Determination of recombinant Interferon-α2 in E. coli periplasmic extracts by reversed-phase high-performance liquid chromatography

Reversed-phase high-performance liquid chromatography (RP-HPLC) has been used to analyze Interferon α-2 (IFN-α2) as a pure protein or as a pharmaceutical preparation: a method for analyzing periplasmic IFN-α2 directly in osmotic shock extract has, however, never been reported. This work describes an RP-HPLC methodology for the qualitative and quantitative analysis of human IFN-α2a and IFN-α2b directly in bacterial periplasmic extracts or in purified preparations.
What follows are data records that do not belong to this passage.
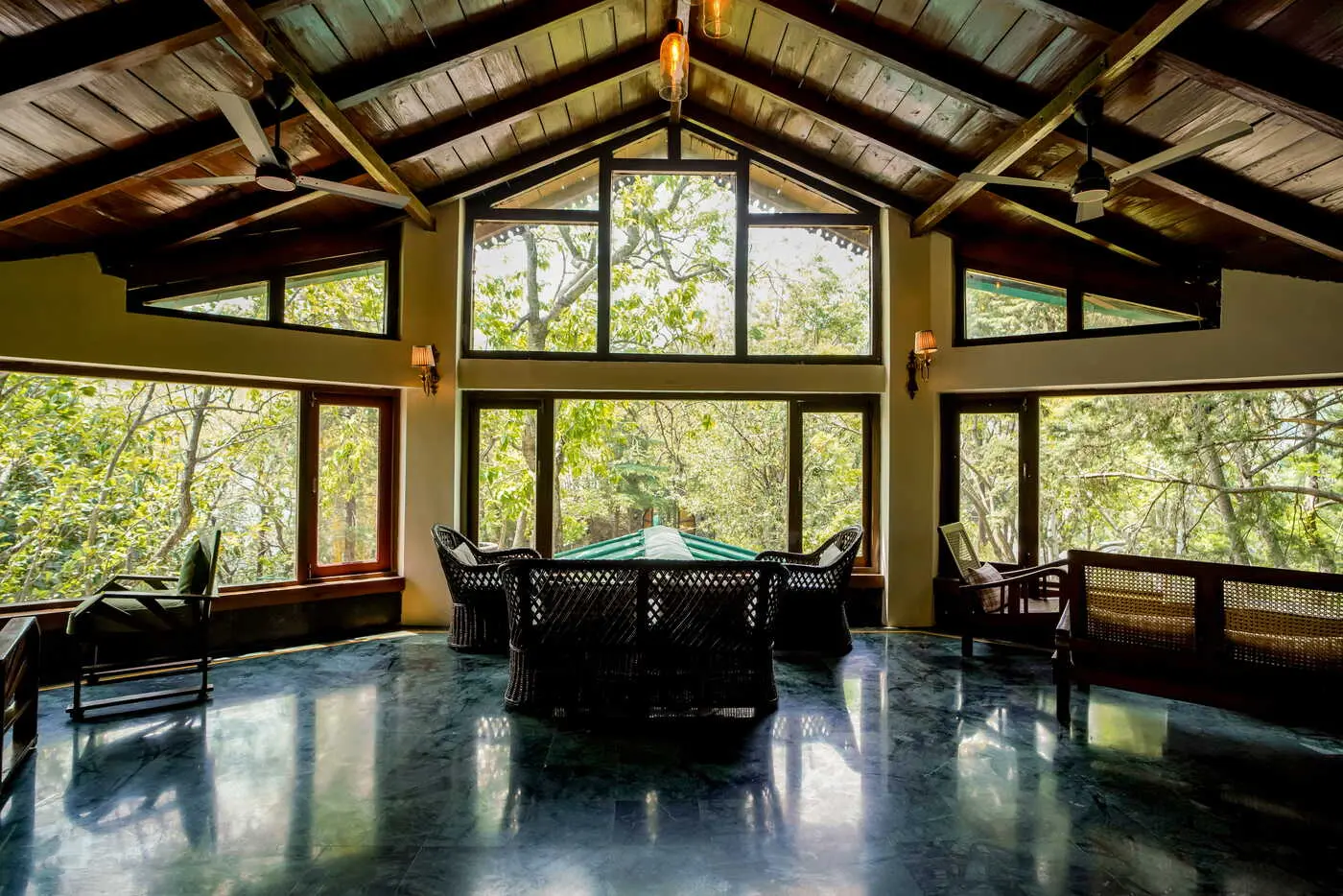 Lounge with cathedral windows overlooking the forest at Two Chimneys, Gethia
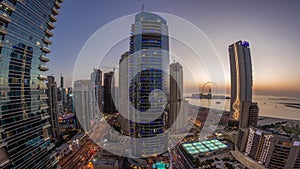 Panorama of the Dubai Marina and JBR area and the famous Ferris Wheel aerial day to night timelapse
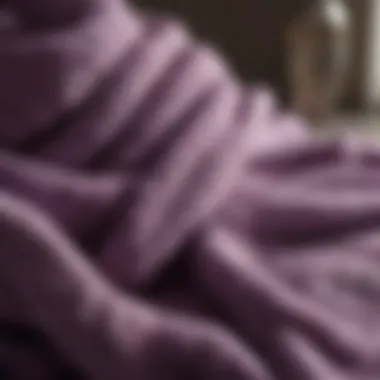 Close-up of soft fabric texture of a purple patterned towel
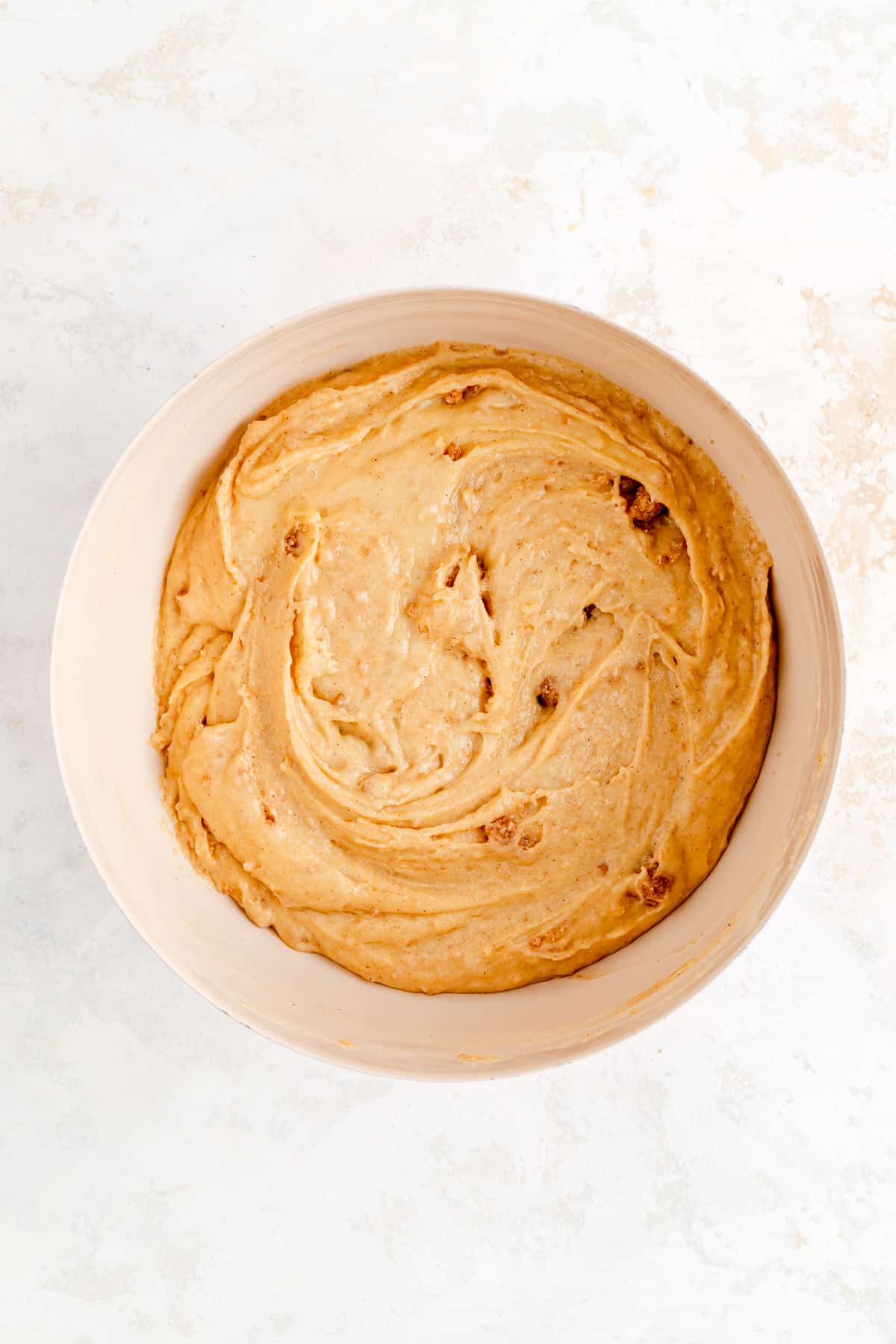 Final raw cinnamon muffin batter in tan bowl on white plaster background.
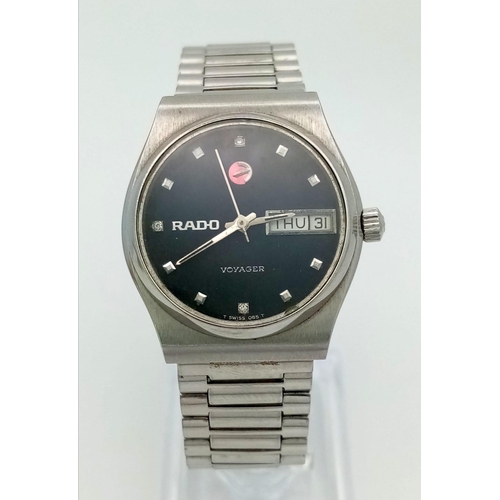 118 - A Vintage Rado Voyager Automatic Gents Watch. Stainless steel strap and case - 32mm. Black dial with...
The analytical method has been set up and validated for accuracy, precision, linearity, sensitivity and specificity. A recovery test indicated an average bias of ∼1%, intra-day and inter-day quantitative determinations presented relative standard deviations always ≤ 5%, while the working sensitivity was of ∼0.3 μg of IFN-α2 (RSD = 5%). The method proved to be suitable for detecting and quantifying also glycosylated and oxidized forms and N-methionylated IFN-α2 molecules, it was, however, not able to distinguish between IFN-α2a and IFN-α2b. This rapid methodology allows the application of RP-HPLC as a powerful tool to monitor the production yield and quality of IFN-α2 in osmotic shock fluids, right after, or even during the fermentation process.